THE TASK:
Transcribe the data exactly, pictures excluded.

::: PROVIDED DATA :::

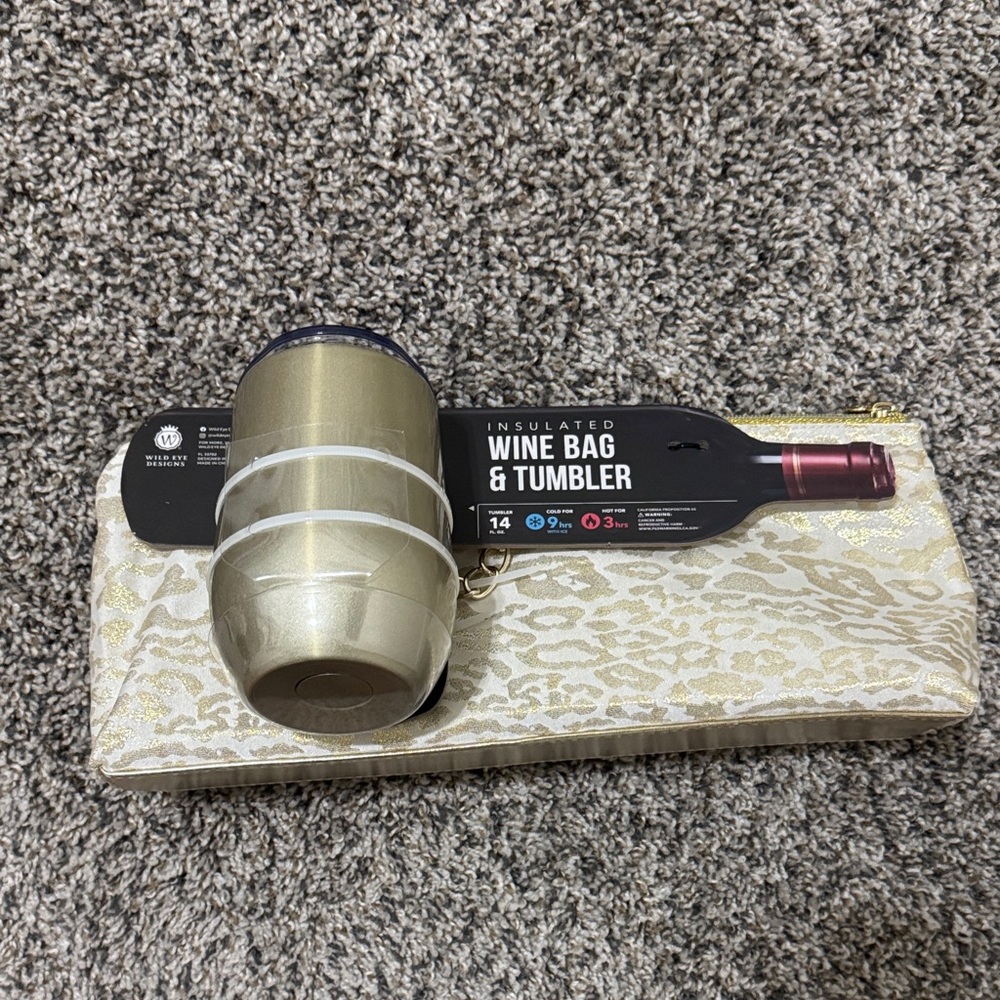 Insulated Wine Bag and Tumbler Set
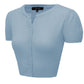 Short Sleeve Crewneck Cropped Bolero Cardigan Knit Sweater CB0536 (S-L)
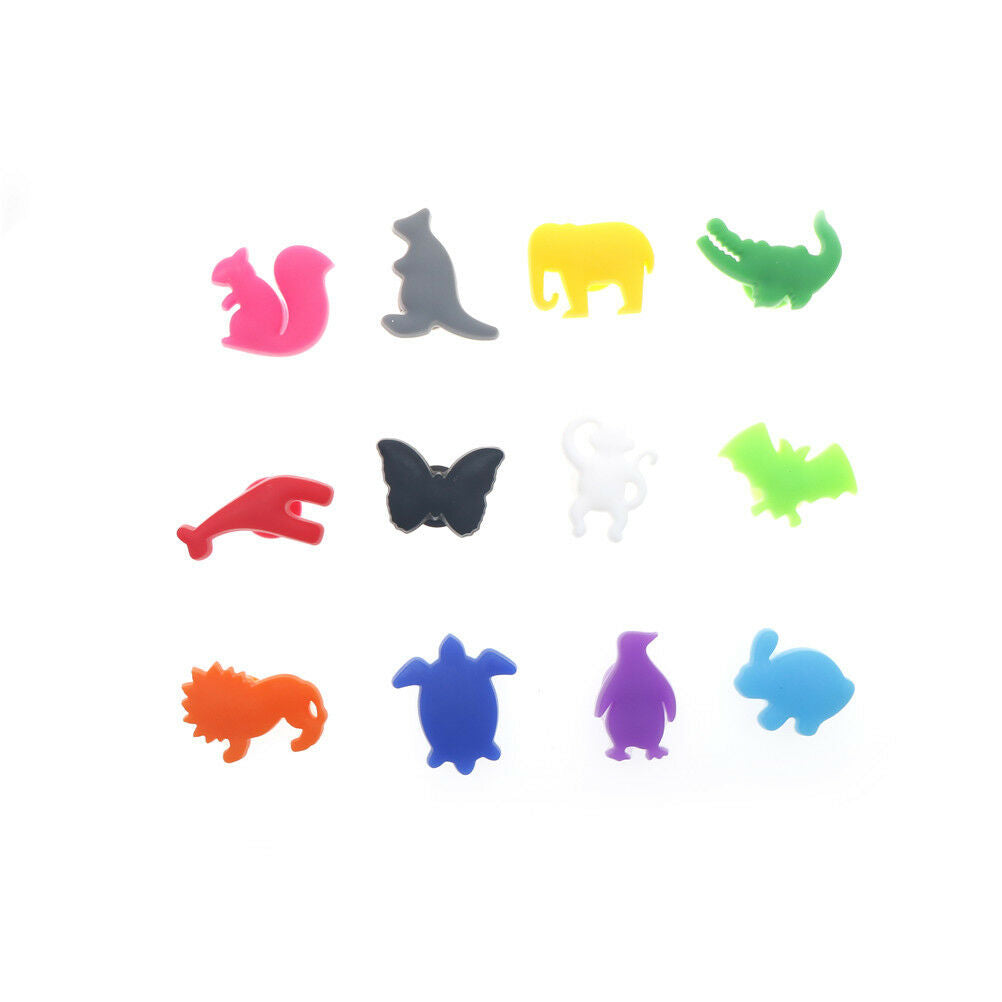 Animal Suction Cup Wine Glass Silicone Label Wine Glasses Recognizer Marke.l8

:::

SOLUTION TO THIS TASK:
 Insulated Wine Bag and Tumbler Set
 Short Sleeve Crewneck Cropped Bolero Cardigan Knit Sweater CB0536 (S-L)
 Animal Suction Cup Wine Glass Silicone Label Wine Glasses Recognizer Marke.l8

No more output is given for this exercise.